First off, there is no question but that CrossRef was established to take on the reference linking challenge for scholarly literature. (Hell, it's there, as you point out, in the organization name - PILA - as well as in the application name - CrossRef.)

But one should also remember that DOI as it was sold at the time was promising so much more. I disagree with you that the participants back then were as wholly innocent of the FRBR terms as you might suggest. Certainly there were ample presentations on DOI that sought to elucidate those relationships.

No matter. FRBR is a useful reference model to clarify some of these concepts. But not one that we are overly concerned with at this time. Nor even whether DOI maps one to one onto a given FRBR layer. What we are more concerned with on a pragmatic level is how DOI maps onto the Web architecture and especially how it plays along with Linked Data concepts.

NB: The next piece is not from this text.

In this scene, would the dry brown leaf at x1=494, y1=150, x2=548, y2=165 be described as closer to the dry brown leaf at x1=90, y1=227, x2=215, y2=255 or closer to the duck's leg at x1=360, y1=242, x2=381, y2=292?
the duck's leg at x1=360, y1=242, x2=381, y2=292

(Aside: A propos FRBR we might be in danger of repeating the OSI mistake for standardizing the network layer model. Ultimately that was maintained as a reference model but dropped as a concrete model in favour of the TCP/IP stack. Could be that FRBR is our OSI and Linked Data is our TCP/IP stack? That is, we might have to settle on the coarser data model in order to get a coherent story out the door where all can agree.)

You say:

"we need a mechanism to distinguish between when we are getting the thing pointed to by the CrossRef DOI (the PDF , HTML, etc.) as opposed to "something about the thing" (e.g. the landing page, metadata record, etc.)"
But that is exactly what we were chasing up in the earlier posts (both my DOI: What Do We Got? and John Erickson's DOIs, URIs and Cool Resolution). You want to distinguish between a thing and a description about a thing. And Web architecture does just that: it distinguishes between Information Resources (i.e. the things) and Non-Information Resources (i.e. descriptions of the things).

Now is this something that CrossRef can truly distinguish and make apparent in its service architecture? If we retain the notion of landing page we are already essentially saying that a CrossRef HTTP URI identifies a decsription of the resource, i.e. a Non-Information Resource, or Other Resource, and that is properly indicated within the architecture by returning a "303 See Other status" code.

I think that's all we're saying at the moment as a first step.

Web architecture wants to know if the DOI HTTP URI is a thing or description of a thing. I say the latter. You seem to suggest in your comment the latter too. I wonder if we could get a vote on that.

And btw, I am not suggesting that CrossRef needs to dive into the business of "tracking compoend documents in their entirety". Far from it. Lets just get a common resource architecture agreed publicly and then we can build on that.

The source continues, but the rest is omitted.